Ever since then I have gone with two devices: a Chromebook and a Nexus tablet, both combined being more affordable than most of the hybrid solutions that are out there. Even so, I have tried a number of devices that didn’t cut it for me in the end:  

  • iPad plus BT keyboard: no way this could ever work as a laptop for me
  • Microsoft Surface RT: that one was a complete failure to begin with (Microsoft gave them away to teachers for a very low price because they could sell it, doing probably more harm than good for its reputation by doing so).
  • Microsoft Surface 3: even though very versatile, I use it neither as a tablet nor as a laptop  as it provides inferior user experience for both uses.

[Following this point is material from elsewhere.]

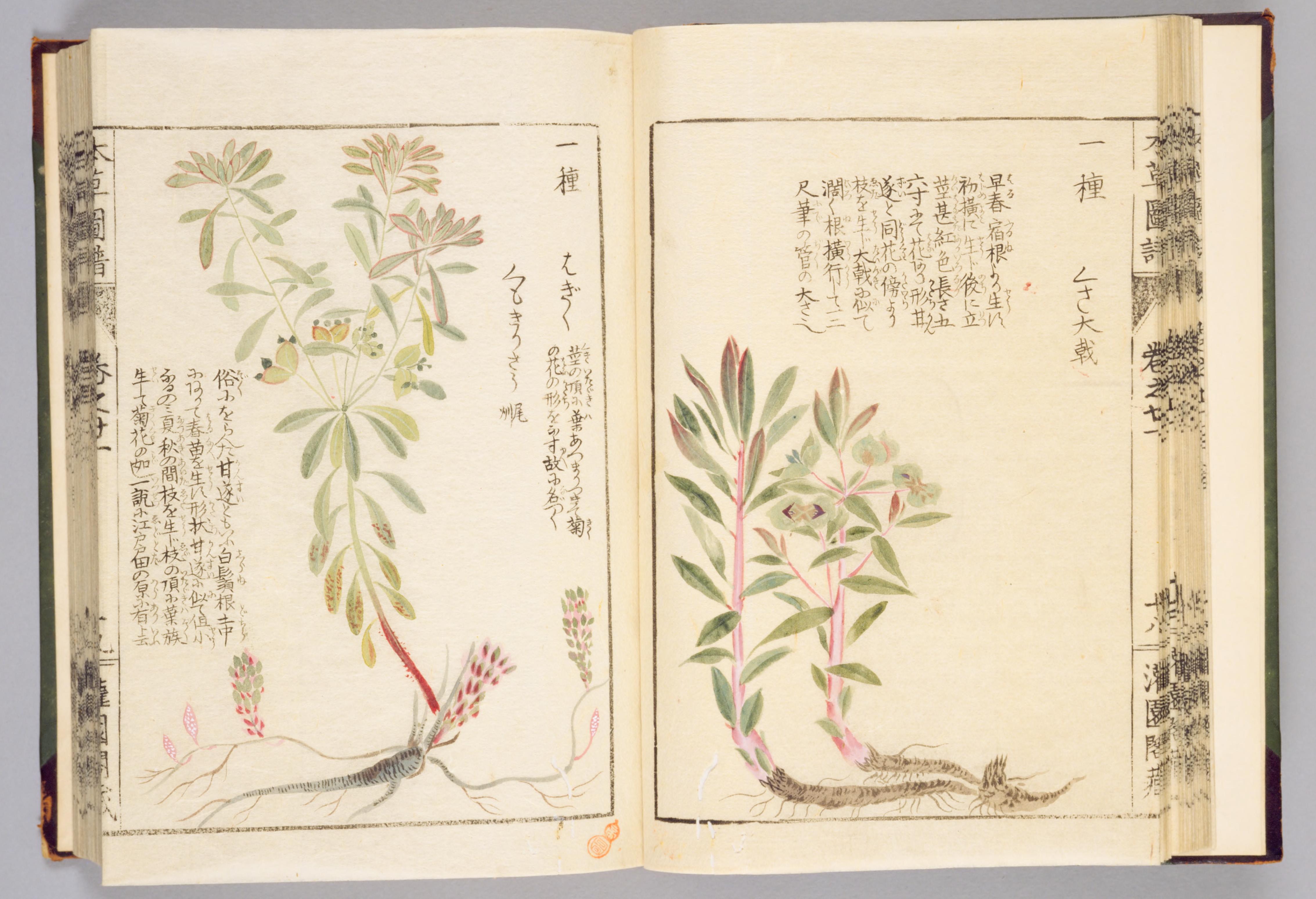 no full size  illustration available (3a)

On paper the newer Surface models look very good. In practice I would say they can’t beat the experience (speed, battery life, ease of use) of much cheaper Chromebooks.
My initial expectations were therefore not too high when Google announced Android apps on Chromebooks. And even though the first reviews were quite ravishing, I’m still a bit underwhelmed after receiving the Playstore on my Asus Chromebook Flip.

The bad
  • For the time being you can only use Android apps in the dev channels (which still has lots of bugs itself) on a limited number of devices,
  • A lot of Android apps don’t work or crash frequently (among them my favourite anatomy app Anatronica)
  • A lot of apps have no responsive design and look plainly awful and are awkward to use on the Chromebook
  • Trackpad - touchscreen confusion: the trackpad usually works quite well, whereas touch doesn’t always. With a drawing app I have installed drawing with the trackpad works fine, but drawing with your fingers isn’t possible
  • With many tablet apps (e.g. ebooks) the experience is much worse on the Chromebook than on a tablet (resolution, clunkier device and touch issues).

The good
  • It’s now possible to do a lot more with a chromebook, including audio recording, drawing and playing virtual instruments.
  • Tons of educational apps are available and you don’t have to pay for them again if you have already purchased them for your smartphone or tablet.
  • Also a lot more content is available that is not available on the web (e.g. magazines, Google Newsstand, epub books, etc.)
  • Google seems to be really working hard on making the experience a good one. In the past week I have not only got the Playstore on my chromebook but also two more updates that have brought  some improvements, such as clearly marking which apps are Chrome or web apps and which apps are Android apps.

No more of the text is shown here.